14 forum posts
I am writing to introduce myself and give everyone here a big THANK YOU for educating this raised in the city, country girl at heart, out of shape bird nerd. I've been suffering from some insomnia and wanderlust lately, and I happened upon TrailSpace while daydreaming about next spring and making a mental list of places to go. I have come to realize how dreadfully unprepared I am for even the wimpy little dayhikes I have been going on, as I have the habit of leaving everything (including water and first aid) in the car for several mile hikes in places with no phone reception and few to no other hikers. I have a growing list of things to prepare for next time, including a whistle, a refined first aid kit (you can accumulate a lot more when it stays in the car all the time), and yes, perhaps most importantly, a friend who knows where I'm going and when to expect me back.
A little bit about my background: I was raised in the mid-Atlantic suburbs with occasional car-camping trips as a child and teen. My dad is a nature geek but my mom likes her creature comforts, so we never spent too much time traveling out to the mountains, just a weekend every year or two. In my late teens, I became a birder with the encouragement of my dad and bought my first pair of serious binoculars; although I'm still what I would call mediocre to middling as a birder, my pursuit of new species and habitats, combined with the freedom of a car, led me to spend more time looking for undeveloped pieces of land to observe nature's amazing diversity. Some of my best bonding time with my dad has been in the VA/MD/WV mountains as we slowly stumbled down trails, our necks cramped from looking up in the treetops for elusive warblers.
I recently moved to NorCal for grad school. Without a horse to ride - though I do not own a grass guzzler, I have been lucky enough to spend many hours enjoying nature with some amazing equine partners - and in need of stress relief and exercise, I have found myself venturing farther afield and spending more time than I imagined exploring the Coast Range. I'm far less fit and ambitious than most on here, so it was a minor personal victory for me this spring to conquer my first trail with more than 1000' ft of elevation gain and still manage to walk the next day. I go out to enjoy nature, walk a little farther than the previous outing, and clear my mind.

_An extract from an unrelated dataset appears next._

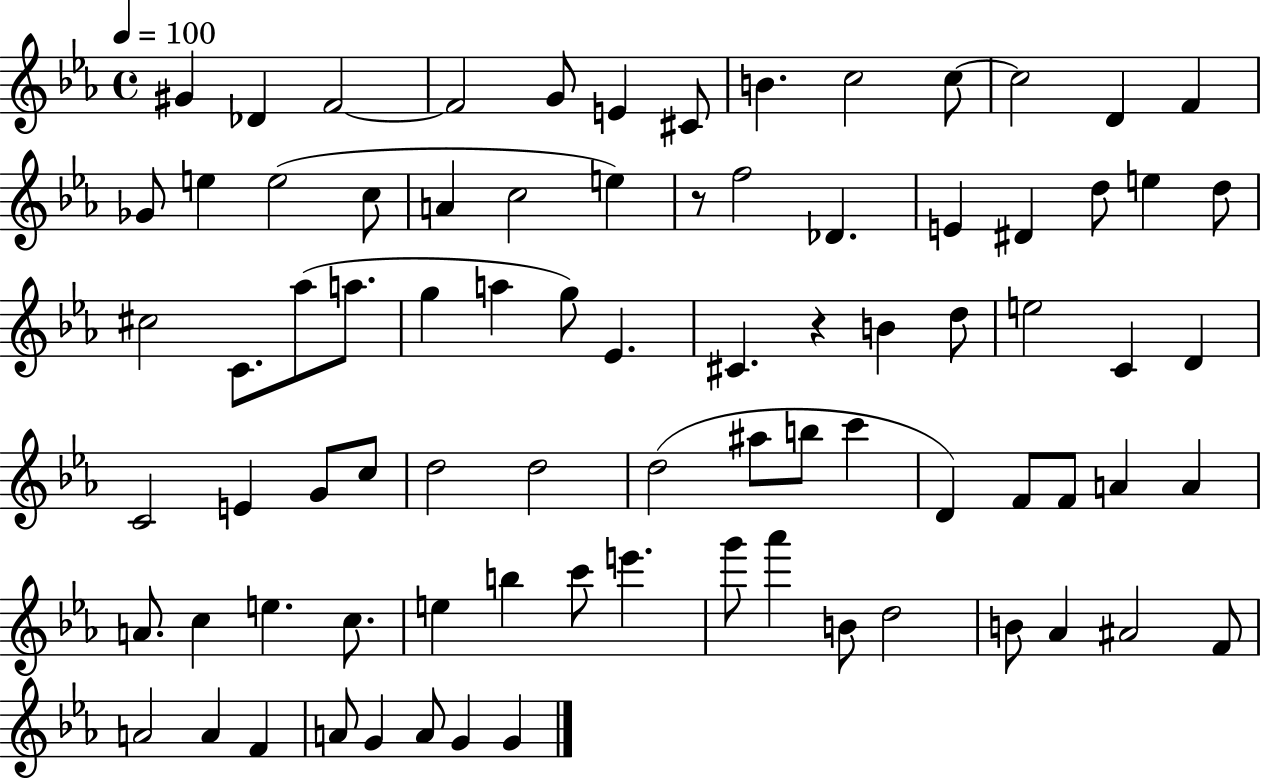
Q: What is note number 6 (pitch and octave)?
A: E4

I am currently laid up and starting from ground zero after major back surgery less than two months ago (and several months of progressive debility before that which kept me off the trail). Among other things, I had a fusion at L5-S1; I am still in the phase where I can't even bend over to pick something up off the ground and driving for too long hurts, but I can walk, so I am trying to at least get my legs moving again. I have some residual neurological deficits in my right leg that are improving but still sometimes cause me to trip. Even so, I have been recovering faster than expected and did a fairly brisk mile the other day with just my walking stick for balance, so I have hopes that I will be back in the hills come late winter or early spring.

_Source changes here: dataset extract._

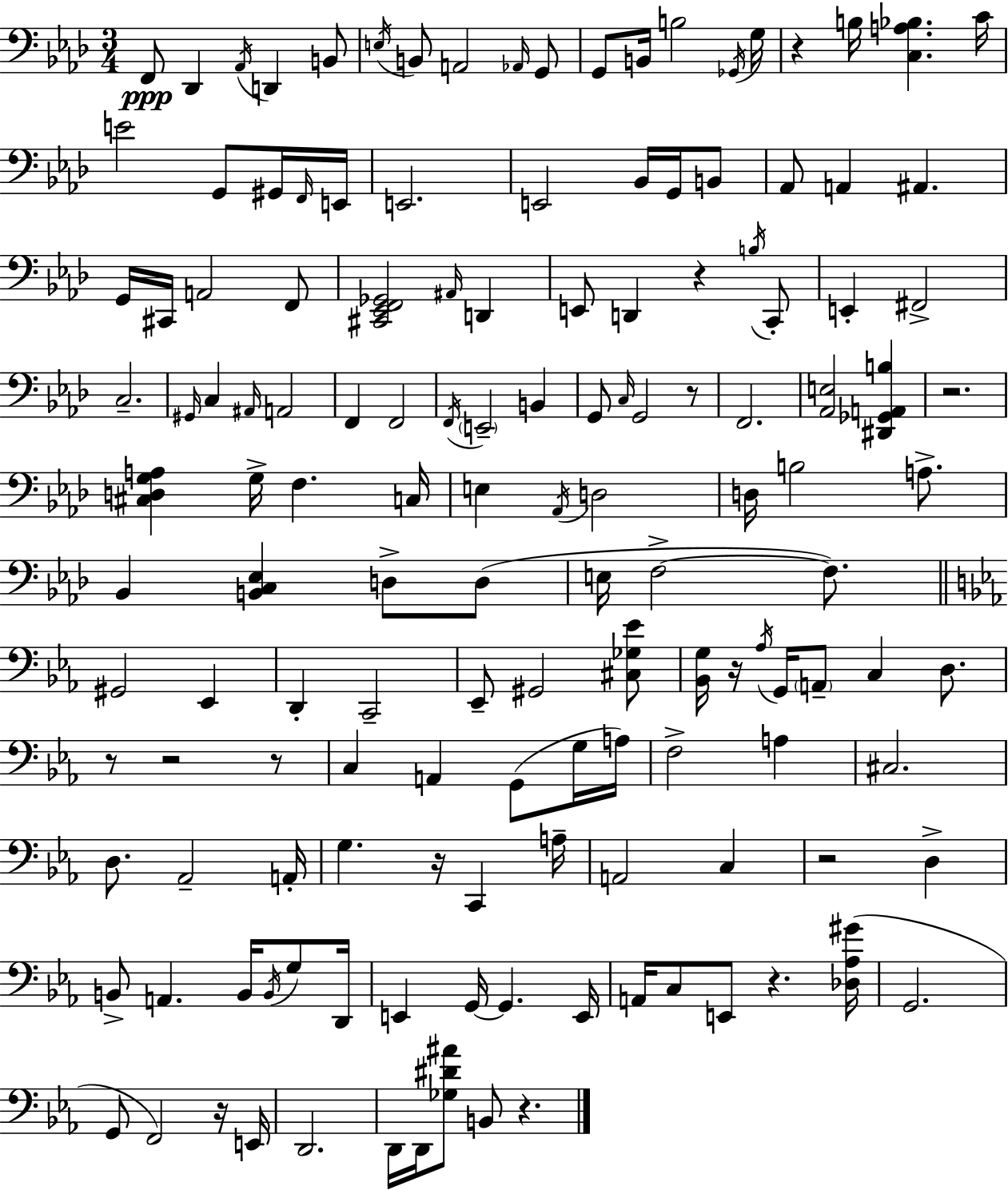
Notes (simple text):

F2/e Db2/q Ab2/s D2/q B2/e E3/s B2/e A2/h Ab2/s G2/e G2/e B2/s B3/h Gb2/s G3/s R/q B3/s [C3,A3,Bb3]/q. C4/s E4/h G2/e G#2/s F2/s E2/s E2/h. E2/h Bb2/s G2/s B2/e Ab2/e A2/q A#2/q. G2/s C#2/s A2/h F2/e [C#2,Eb2,F2,Gb2]/h A#2/s D2/q E2/e D2/q R/q B3/s C2/e E2/q F#2/h C3/h. G#2/s C3/q A#2/s A2/h F2/q F2/h F2/s E2/h B2/q G2/e C3/s G2/h R/e F2/h. [Ab2,E3]/h [D#2,Gb2,A2,B3]/q R/h. [C#3,D3,G3,A3]/q G3/s F3/q. C3/s E3/q Ab2/s D3/h D3/s B3/h A3/e. Bb2/q [B2,C3,Eb3]/q D3/e D3/e E3/s F3/h F3/e. G#2/h Eb2/q D2/q C2/h Eb2/e G#2/h [C#3,Gb3,Eb4]/e [Bb2,G3]/s R/s Ab3/s G2/s A2/e C3/q D3/e. R/e R/h R/e C3/q A2/q G2/e G3/s A3/s F3/h A3/q C#3/h. D3/e. Ab2/h A2/s G3/q. R/s C2/q A3/s A2/h C3/q R/h D3/q B2/e A2/q. B2/s B2/s G3/e D2/s E2/q G2/s G2/q. E2/s A2/s C3/e E2/e R/q. [Db3,Ab3,G#4]/s G2/h. G2/e F2/h R/s E2/s D2/h. D2/s D2/s [Gb3,D#4,A#4]/e B2/e R/q.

I see that some posters on here hike with their dogs on occasion; I have a new trail buddy to be, a 5 month old Golden/Chow looking rescue who will probably top out at a lean 70-80 lbs. June is staying with a friend until I am able to keep up with a puppy's daily antics without reinjuring myself, but she knows me as her person, already handled her first car camping trip with aplomb, and knows more than a dozen words. She is shown here at 4 months old:
And here is a picture from a brisk afternoon hike last winter with a friend and a borrowed dog in Cache Creek Natural Area:
Anyway, thanks for reading. I'm sure I'll be around with questions in the coming months. I have already learned quite a bit, been humbled even more by what I still have to learn, and been inspired to get myself back into shape as soon as my back will let me!